The Fun Idea of the Month

Everybody loves Peanuts, according to Joyce Ensign, Logan, Utah. So she invited guests to a Peanuts party with Snoopy cards instructing each guest to bring his own security blanket and to come representing his favorite character from this famous cartoon series. The place was decorated with Peanuts posters, stuffed toys, and bowls of peanuts, of course. People sat on the security blankets and had a sing-along with music from “You’re a Good Man, Charlie Brown.” Reading aloud from Peanuts wit and wisdom, and munching on frosted grahams and gigantic lollipops topped off the party.

Book Reviews

Youth and the Church
by President Harold B. Lee
Deseret Book Company, 261 pp., $4.95

There is little question that President Lee is one of the great men of our day, appropriately placed here when times are rugged and tough and when pseudo-intellectuals abound. If you want to meet President Lee, to hear his inspired ideas on social, temporal, and spiritual problems, then this book is for you. As he says in the beginning, the chapters “were prepared more than a quarter of a century ago to meet the needs of a world recovering from the tragedies of a great world war. As I have reviewed the material, remembering how, at the time, I tried to live intimately with the problems of youth, it amazes me, and yet not surprisingly so, to note that the same things I said then are as though written today.” The advice is as sound as the gospel principles from which it came, as timeless as the scriptures to which the reader is sent time and again. According to President Lee—for those of you who haven’t learned it already—the answers are all in the scriptures.

Here are sample nuggets:

On the Beatitudes: “They embody in fact the constitution for a perfect life.”
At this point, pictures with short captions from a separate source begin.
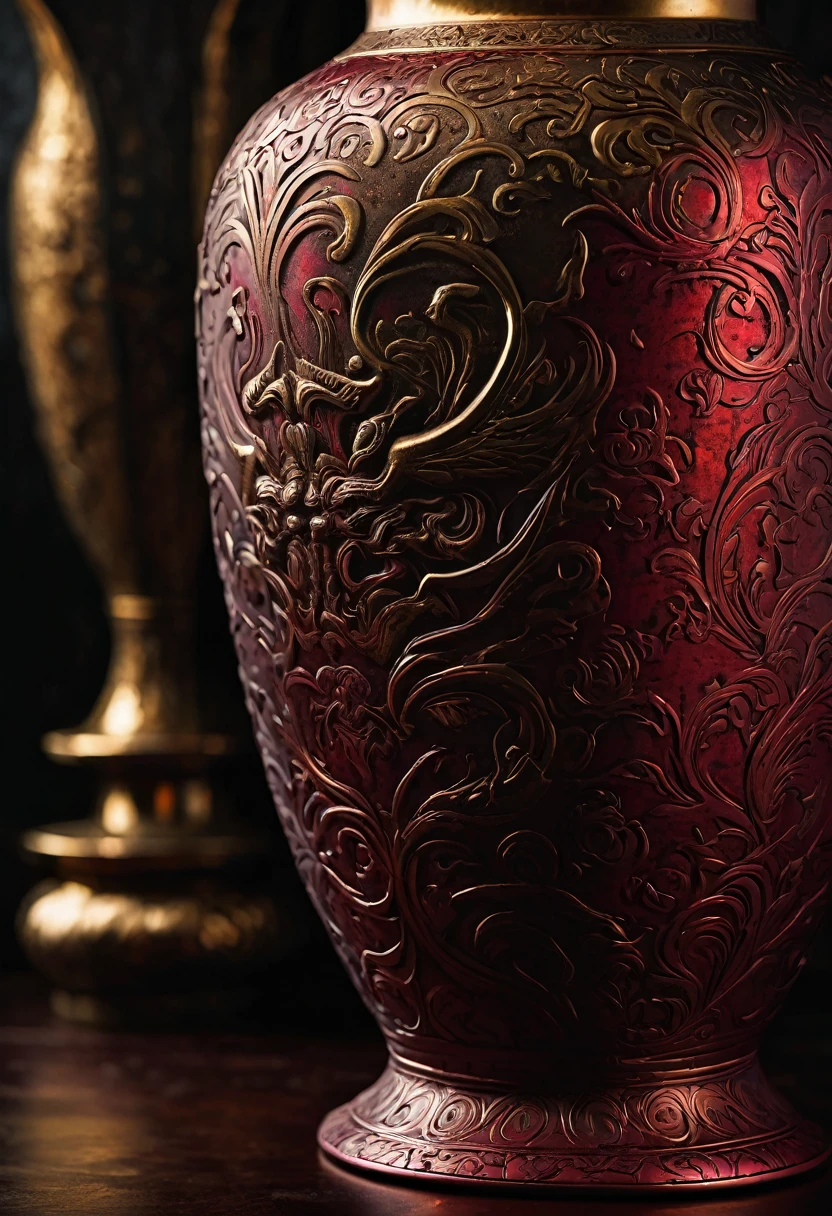 Cinematic close-up of a weathered gold vase with intricate demon engravings, set against a stark minimalist backdrop bathed in deep crimson. Captured with a macro lens, emphasizing oxidation patterns and metallic textures. Dramatic chiaroscuro lighting accentuates the vase's ominous details. Rich, moody color palette dominated by gold and red tones. Rendered in stunning 8K resolution.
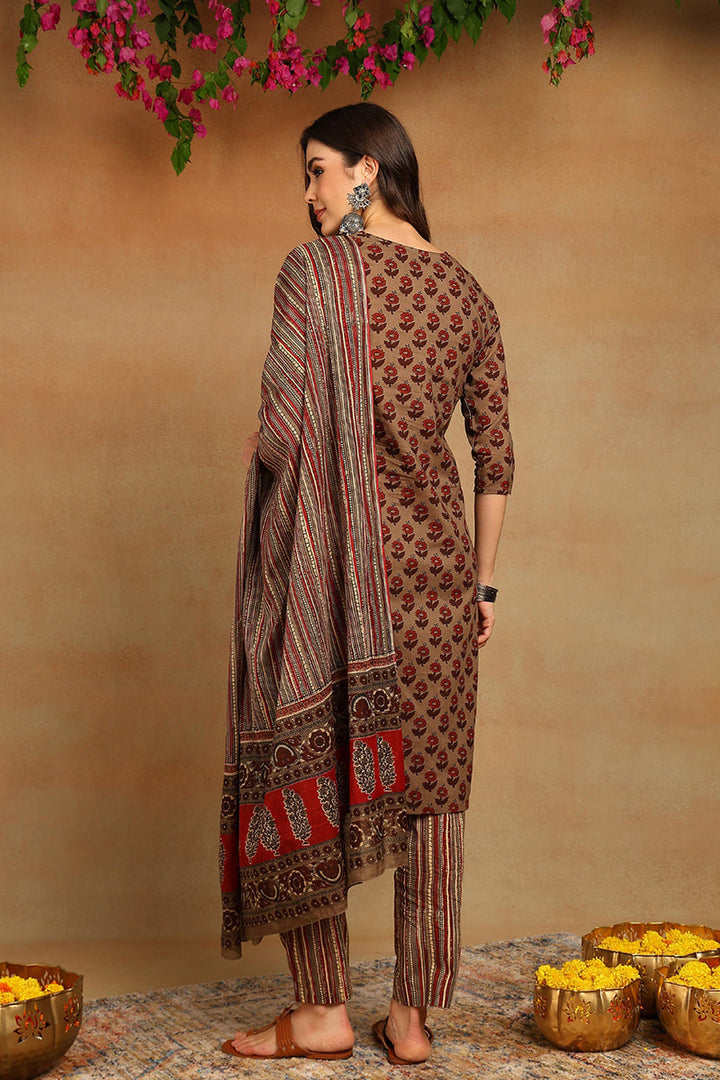 Cotton Beige Printed Straight Kurta Pant With Dupatta  | SHOBITAM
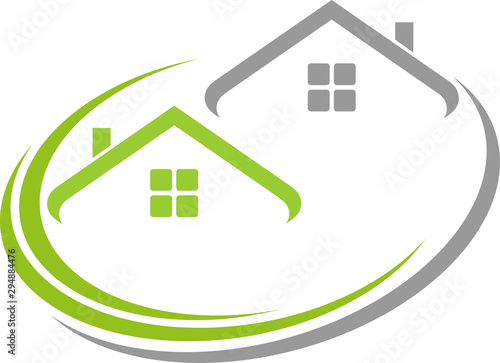 Zwei Häuser, Dächer, Immobilien und Dachdecker Logo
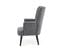 Fauteuil Contemporain En Velours Gris Avec Haut Dossier Et Pieds Noirs En Bois Massif Cyrus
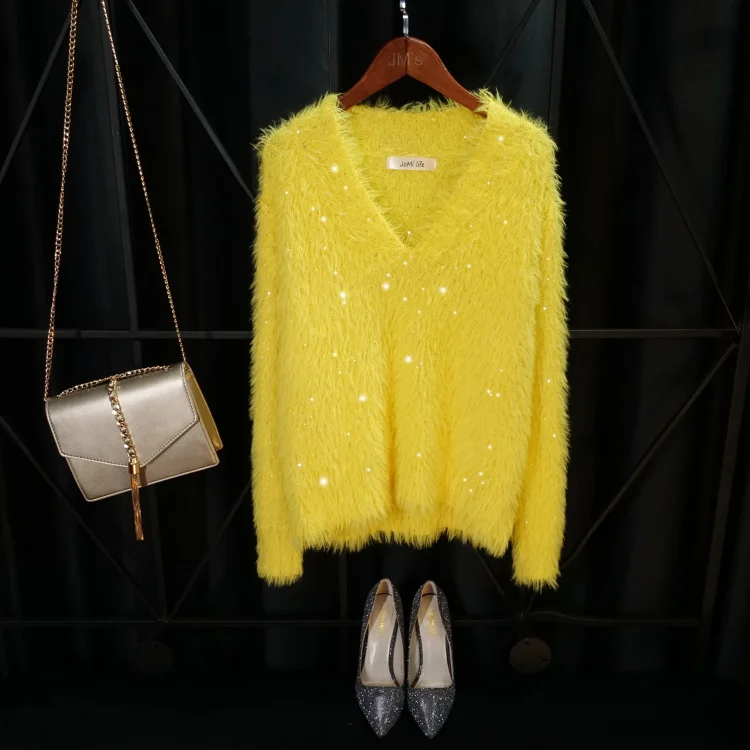 Cakucool женская обувь расшитая блестками осенний свитер для девочек теплое платье с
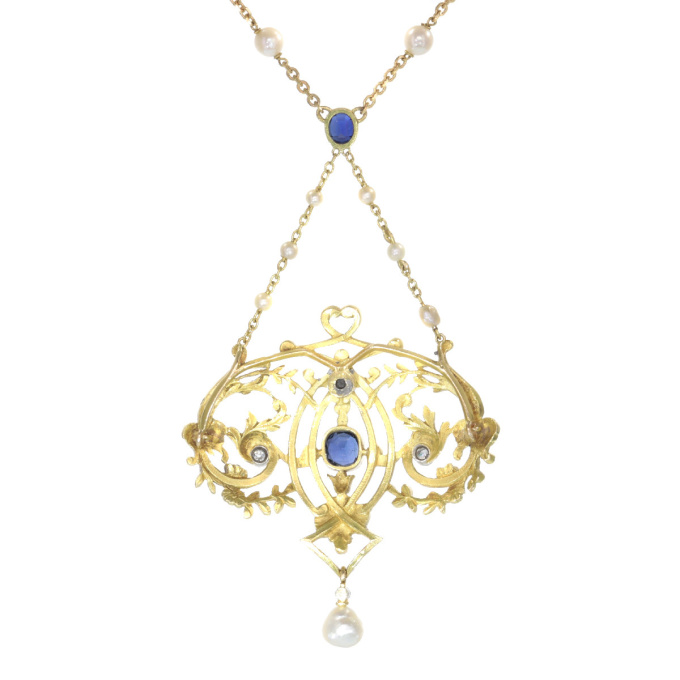 Late Victorian French gold pendant on chain with diamonds sapphires and pearls by Unknown artist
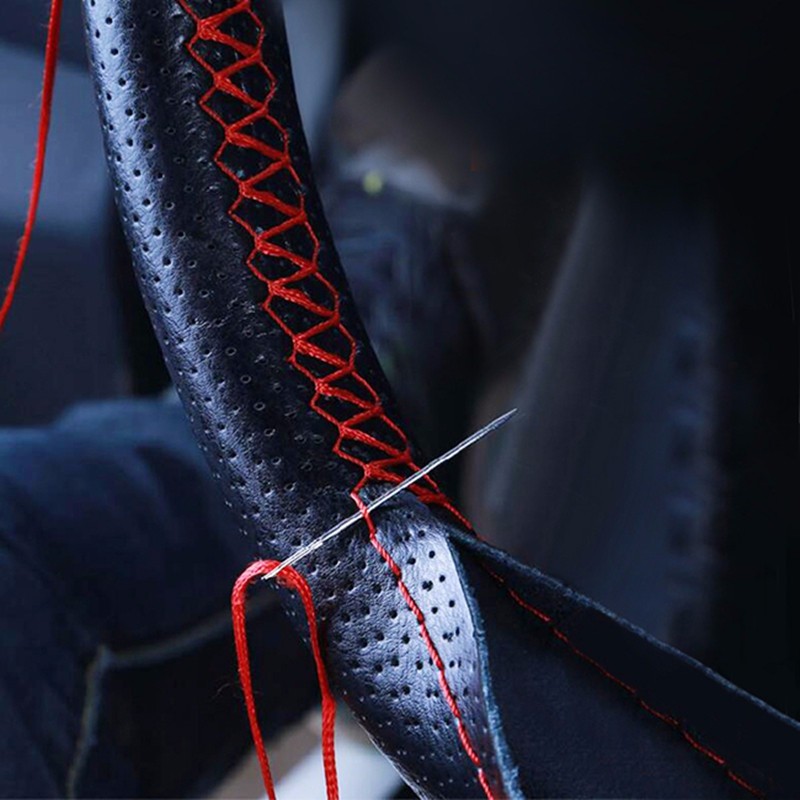 42-50cm Genuine Leather Truck SUV Bus Steering Wheel Cover With Needle and Thread Universal Braid DIY Car Styling Black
On dating: “… pray before you go out on a date—pray that you may have a good time and conduct yourselves according to Church standards. …”

On choosing a mate: “The ideal man or woman of your dreams that you plan one day to select as your life’s companion very likely doesn’t exist, although you may think so when you fall in love, for your ideal is probably a composite of the best qualities you have observed in any number of your choice associates.”

On personal conduct: “Any conduct on the part of the individual that does not advance him toward the goal of eternal life is … wasted energy. …”

Outdoor Survival Skills
by Larry Dean Olsen
Brigham Young University Press, 188 pp., paperback $2.00, hard-bound $3.50

If you have ever been lucky enough to find an old Boy Scout handbook—one that still has pages of pictures of animal tracks and edible plants and enough information on woodsman skills to teach you how to build a cabin or a birchbark canoe—and if your blood races a little faster when you read it, then Outdoor Survival Skills is for you.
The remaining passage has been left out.